Читать книгу Балерина из Аушвица - Эдит Ева Эгер - Страница 6
Глава 2. Мы думали, нам ничего не угрожает
ОглавлениеДо Первой мировой войны та часть Словакии, где я родилась и выросла, входила в состав Австро-Венгрии – крупной по тем временам империи и экономической державы, чья железнодорожная сеть по протяженности занимала второе место в Европе. Но в 1918 году, когда война закончилась, почти за десять лет до моего рождения, сформировалось новое государство – Чехословакия. Мой родной город Ка́шша в Венгрии стал называться Кошице и теперь относился к Чехословакии. А моя семья угодила в категорию меньшинств, причем дважды. Этнически мы были венграми, проживающими в преимущественно чешской области, а вдобавок мы были евреями.

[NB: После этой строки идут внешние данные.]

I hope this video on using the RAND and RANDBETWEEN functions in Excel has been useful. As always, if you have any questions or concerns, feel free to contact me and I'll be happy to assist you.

Никакой сегрегации не было. И никаких гетто. Нас никто не принуждал селиться обособленно, как это повелось во многих странах Европы (вот почему наша семья говорила исключительно по-венгерски, а не на идише). Перед нами открывались широкие возможности – образовательные, профессиональные, культурные. И все же мы время от времени сталкивались с предрассудками – как подспудными, так и вполне явными. Вовсе не нацисты изобрели антисемитизм, он существовал задолго до них. С малых лет я прочно усвоила, что безопаснее всего ассимилироваться, раствориться в толпе, никогда не ставить себя особняком.

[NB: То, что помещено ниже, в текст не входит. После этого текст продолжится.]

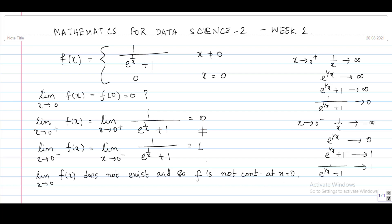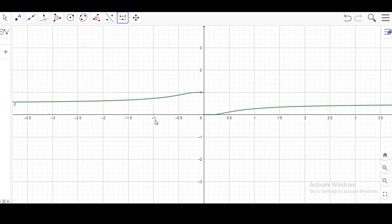This is clear from calculating the left hand and the right hand limit. We shall now look at the graph of this function so that it will be clear even geometrically. If we plot the graph of this function in GeoGebra, this is the graph we obtain. It is very clear that the left hand limit is approaching 1 and the right hand limit is approaching 0, so there is a discontinuity at the point 0. Thank you.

Однако бывали времена, когда я гордилась тем, кто я есть. В ноябре 1938 года, когда мне исполнилось одиннадцать лет, Венгрия снова присоединила к себе Кошице, и это ощущалось как возвращение домой. Мама тогда стояла на балконе нашей огромной квартиры во дворце Андраши – старинном здании на главной улице города, которое было переделано под отдельные односемейные апартаменты. Наши находились на третьем этаже. Мама вывесила на перила балкона наш персидский ковер, но не потому, что собралась выбивать его, а в знак приветствия дорогому гостю. Город готовился встретить адмирала Миклоша Хорти – его светлость регента Венгерского королевства, который собирался официально поздравить Кошице с возвращением в состав Венгрии. Меня переполняли возбуждение и гордость. Мы снова стали своими!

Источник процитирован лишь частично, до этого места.